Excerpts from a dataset
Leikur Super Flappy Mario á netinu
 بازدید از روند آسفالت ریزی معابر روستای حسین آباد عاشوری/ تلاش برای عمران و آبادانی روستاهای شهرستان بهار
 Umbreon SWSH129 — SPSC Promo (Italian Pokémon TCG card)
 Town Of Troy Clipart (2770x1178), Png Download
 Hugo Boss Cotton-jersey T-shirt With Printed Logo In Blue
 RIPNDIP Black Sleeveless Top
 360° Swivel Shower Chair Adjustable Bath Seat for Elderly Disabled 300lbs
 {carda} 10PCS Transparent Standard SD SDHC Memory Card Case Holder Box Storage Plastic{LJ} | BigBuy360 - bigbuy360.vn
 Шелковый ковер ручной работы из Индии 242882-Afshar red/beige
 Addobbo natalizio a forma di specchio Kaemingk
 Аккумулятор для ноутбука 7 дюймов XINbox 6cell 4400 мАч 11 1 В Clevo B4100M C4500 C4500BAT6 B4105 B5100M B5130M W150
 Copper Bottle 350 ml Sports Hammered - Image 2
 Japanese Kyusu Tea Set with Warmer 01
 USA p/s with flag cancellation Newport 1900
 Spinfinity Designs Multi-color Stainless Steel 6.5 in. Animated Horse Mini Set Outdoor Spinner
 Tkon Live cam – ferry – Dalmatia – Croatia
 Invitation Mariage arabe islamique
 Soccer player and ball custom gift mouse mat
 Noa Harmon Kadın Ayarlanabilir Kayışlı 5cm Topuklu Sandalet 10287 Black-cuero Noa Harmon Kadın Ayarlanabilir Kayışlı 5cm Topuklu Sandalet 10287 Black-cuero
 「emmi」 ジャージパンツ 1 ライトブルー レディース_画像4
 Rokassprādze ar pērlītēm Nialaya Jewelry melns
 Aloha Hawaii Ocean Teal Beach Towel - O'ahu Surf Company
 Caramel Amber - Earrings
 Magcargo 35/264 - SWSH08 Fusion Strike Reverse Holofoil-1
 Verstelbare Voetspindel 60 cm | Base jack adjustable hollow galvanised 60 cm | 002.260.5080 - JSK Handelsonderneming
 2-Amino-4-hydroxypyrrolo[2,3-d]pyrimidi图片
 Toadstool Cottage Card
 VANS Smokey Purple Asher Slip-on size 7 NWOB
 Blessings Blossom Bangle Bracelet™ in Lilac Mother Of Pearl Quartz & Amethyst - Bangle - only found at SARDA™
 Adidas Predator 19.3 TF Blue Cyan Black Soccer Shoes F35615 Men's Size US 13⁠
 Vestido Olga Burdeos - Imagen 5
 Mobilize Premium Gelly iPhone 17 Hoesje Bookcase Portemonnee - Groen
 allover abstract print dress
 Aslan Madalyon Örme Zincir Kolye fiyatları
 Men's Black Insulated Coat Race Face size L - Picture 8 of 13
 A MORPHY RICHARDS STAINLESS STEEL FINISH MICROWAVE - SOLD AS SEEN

TASK OBJECTIVE
Your answer should be the lines above, from the line containing "RIPNDIP Black Sleeveless Top" up to and including the line containing "Аккумулятор для ноутбука", reproduced exactly and with nothing else.

WRITTEN ANSWER
 RIPNDIP Black Sleeveless Top
 360° Swivel Shower Chair Adjustable Bath Seat for Elderly Disabled 300lbs
 {carda} 10PCS Transparent Standard SD SDHC Memory Card Case Holder Box Storage Plastic{LJ} | BigBuy360 - bigbuy360.vn
 Шелковый ковер ручной работы из Индии 242882-Afshar red/beige
 Addobbo natalizio a forma di specchio Kaemingk
 Аккумулятор для ноутбука 7 дюймов XINbox 6cell 4400 мАч 11 1 В Clevo B4100M C4500 C4500BAT6 B4105 B5100M B5130M W150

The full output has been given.